PROBLEM →
Repeat the records word for word, excluding any picture.

+===+

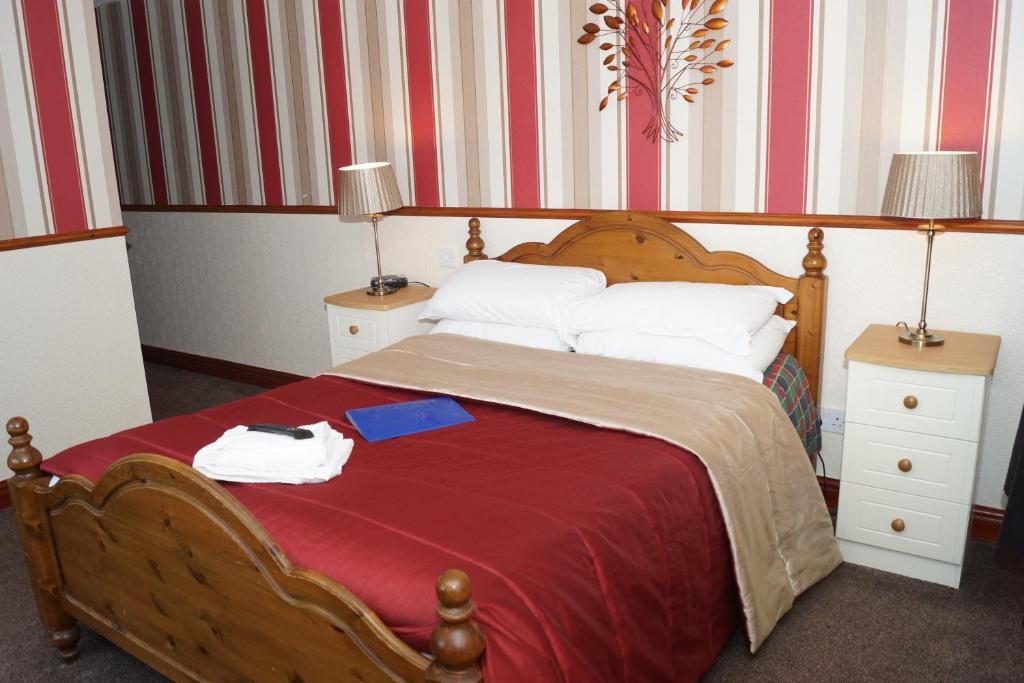 Boathouse Hotel Holyhead Phòng bức ảnh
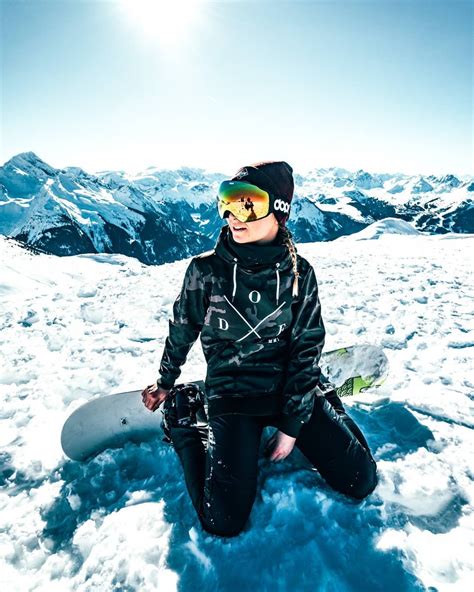 snowboard girl snowboarding women snowboarding outfit snowboard gear womens snowboarding outfit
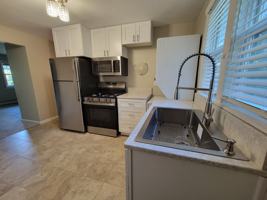 featured image of 121 Grove Ave #2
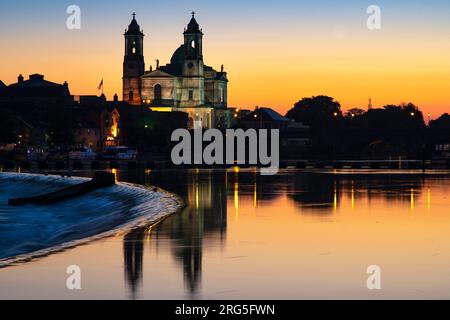 Die Kirche von St. Peter und Paul, am Fluss Shannon in Athlone, County Roscommon und Weatmeath, Irland Stockfoto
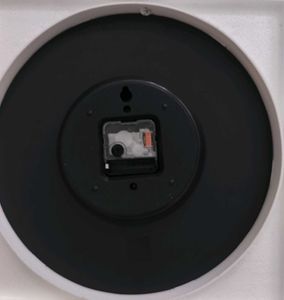 D'SIGNER Modern Wall Clock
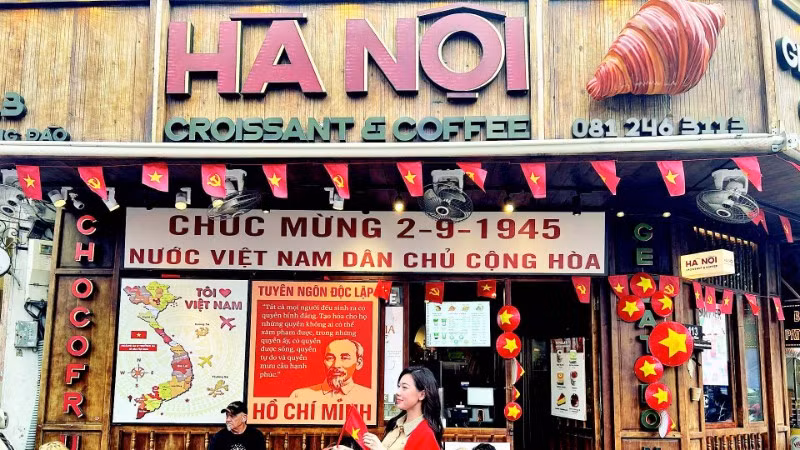 1. Các cửa hiệu được trang hoàng đón chào ngày lễ lớn.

+===+

SOLUTION FOR THIS PROBLEM →
 Boathouse Hotel Holyhead Phòng bức ảnh
 snowboard girl snowboarding women snowboarding outfit snowboard gear womens snowboarding outfit
 featured image of 121 Grove Ave #2
 Die Kirche von St. Peter und Paul, am Fluss Shannon in Athlone, County Roscommon und Weatmeath, Irland Stockfoto
 D'SIGNER Modern Wall Clock
 1. Các cửa hiệu được trang hoàng đón chào ngày lễ lớn.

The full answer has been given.